== GIVEN DATA ==

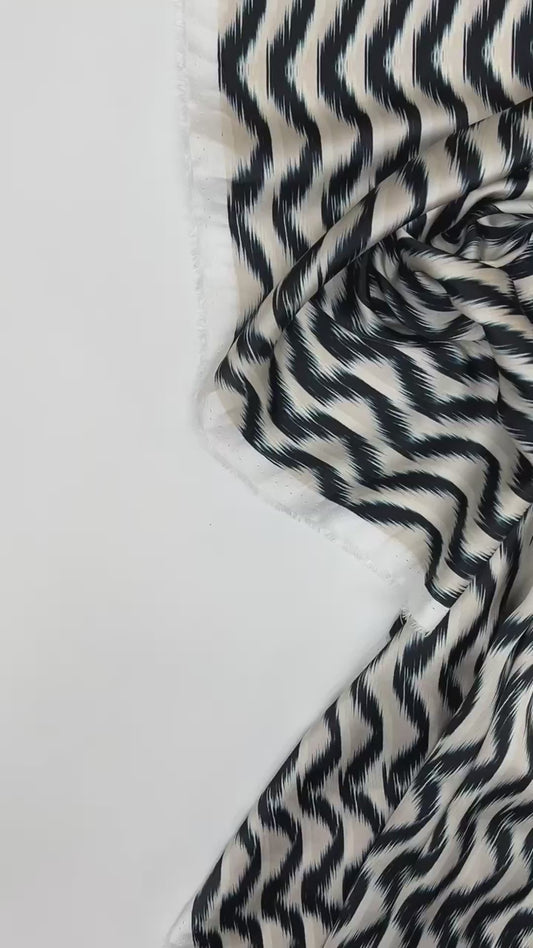 Italienischer Satin-Stoff beige-blau mit abstraktem Muster 85 g/m²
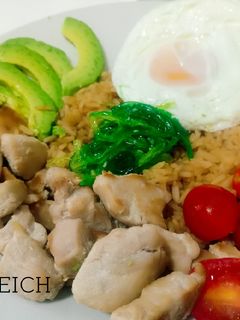 Una foto de Plato combinado japonés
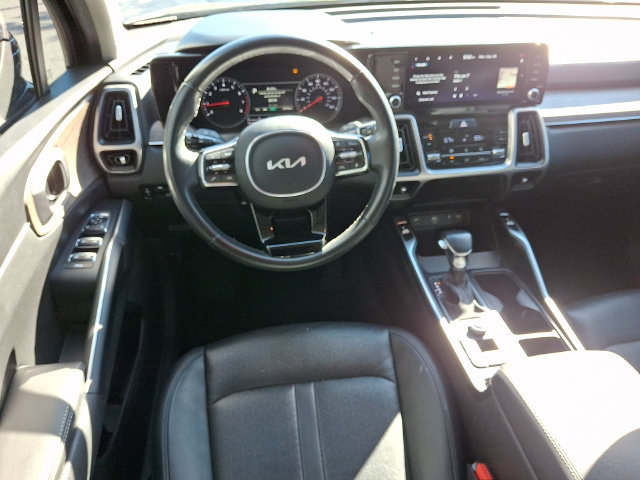 Certified 2023 Kia Sorento EX FWD image 13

===

▸ AIM OF THE TASK:
Give the listing above again in its entirety and exactly; do not include the pictures.

▸ EXPECTED OUTPUT:
 Italienischer Satin-Stoff beige-blau mit abstraktem Muster 85 g/m²
 Una foto de Plato combinado japonés
 Certified 2023 Kia Sorento EX FWD image 13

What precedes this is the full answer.